Per i loro particolari caratteri, l’unico vero timore di Jannuzzi (e della direzione del Festival) è stato quello di dover pagare i leopardi per una giornata lavorativa – a quattro zeri, dunque, non esattamente gratuita – e vederli scioperare. Non sono mancati gli scongiuri sull’asse Locarno-Londra.

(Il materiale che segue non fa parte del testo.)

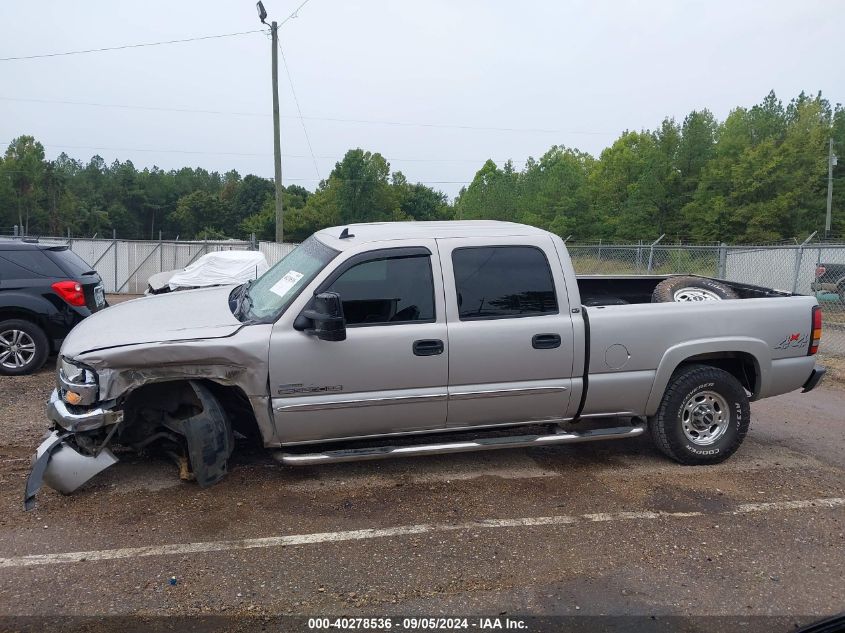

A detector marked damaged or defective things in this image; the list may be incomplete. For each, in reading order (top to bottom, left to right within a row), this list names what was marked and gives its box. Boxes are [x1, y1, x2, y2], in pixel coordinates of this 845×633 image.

Perché se quel giorno i felini avessero deciso di riposare, essendo particolarmente richiesti, trovare un’altra data utile che mettesse d’accordo tutti – leopardi, fotografo, videomaker e grafico – non sarebbe stata un’impresa semplice.

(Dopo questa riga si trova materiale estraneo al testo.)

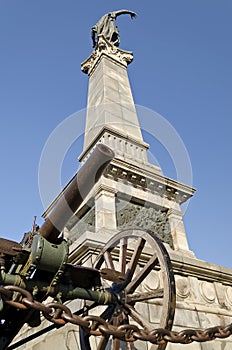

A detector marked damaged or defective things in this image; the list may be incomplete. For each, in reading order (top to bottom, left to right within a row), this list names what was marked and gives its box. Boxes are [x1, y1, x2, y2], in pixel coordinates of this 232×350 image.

“Ci ha pensato il fotografo britannico Tim FlachCollegamento esterno, specializzato nel riprendere gli animali, a dirigere questi due attori davvero speciali… per fortuna – ricorda Jannuzzi – tutto è filato liscio. Abbiamo così portato a casa quella che sarebbe diventata la base della nuova immagine visiva del festival, senza uscire dal preventivo iniziale. Un successo”.
Con le fotografie e le immagini video di Chota, (torniamo a chiamarla così anche se ora sappiamo che erano due), l’agenzia Jannuzzi Smith ha creato la videosigla iniziale che passa prima di ogni film, ovvero il leopardo che attraversa lo schermo, ma soprattutto l’agenzia di comunicazione crossmediale londinese ha fissato i canoni presenti e futuri di come vada utilizzata l’immagine visiva del festival in tutte le sue declinazioni possibili.
“Fissati questi canoni – sottolinea Michele Jannuzzi – ancora oggi i giovani designer che partecipano al concorso indetto annualmente dal Festival per la creazione del nuovo manifesto, possono reinterpretare a piacimento il pardo senza far perdere l’anima e l’identità al festival”.
L’operazione di ‘rebranding’ ha incluso allora l’ideazione di un nome più breve e più “internazionale” per il Festival, di un nuovo logotipo e di un nuovo carattere tipografico. Il tutto per sostenere le esigenze di comunicazione in continua evoluzione dell’organizzazione: dal marketing alla pubblicità, fino alla pubblicazione convenzionale e online.
“Corto è meglio”, racconta ancora Michele Jannuzzi che cita come esempio il ‘Festival di Cannes’. Fino al 2006 compreso, sui manifesti si leggeva ‘Festival internazionale del film Locarno’ declinato in più lingue. Troppo lungo secondo Jannuzzi. “Abbiamo deciso di passare da una scritta multilingue a una scritta unica e più corta: ‘Festival del film Locarno’, eliminando ‘internazionale’ che paradossalmente rendeva provinciale la manifestazione”.
Infine, dopo diversi anni sono stati invertiti i termini per arrivare all’attuale ‘Locarno Film Festival’. “Locarno – racconta Jannuzzi – oggi è un prefisso riconoscibile, la parola chiave per tutta una serie di utilizzi, come quest’anno ‘Locarno76’ oppure ‘Locarno Open Doors’ o ancora semplicemente Locarno festival”.
Nel mondo dei festival e dei cinefili quello di Locarno è probabilmente il logo più riconosciuto e riconoscibile, un po’ come la palma di Cannes e l’orso in piedi di Berlino.
Una nuova identità
A quasi 20 anni dalla sua ideazione, l’idea ora è di rinnovare e rinfrescare il brand. “Con la nuova presidente in arrivo – dice Fabienne Merlet, responsabile della comunicazione del festival – vogliamo rinnovare la nostra immagine grafica. Si tratterà di uno sviluppo dell’attuale brand, mantenendo il leopardo [ma non sarà più Chota, ndr.] e il tratto grafico giallo-nero che ci contraddistingue ormai da decenni e che rappresenta la nostra forza comunicativa”
Dopo aver passeggiato e ruggito per quasi 20 anni in Piazza Grande, Chota presto andrà in pensione. Quando esattamente, ancora non si sa. Molto presto, comunque, dato che il “rebranding” del festival sarà probabilmente una delle prime decisioni operative della futura nuova presidente Maja Hoffmann.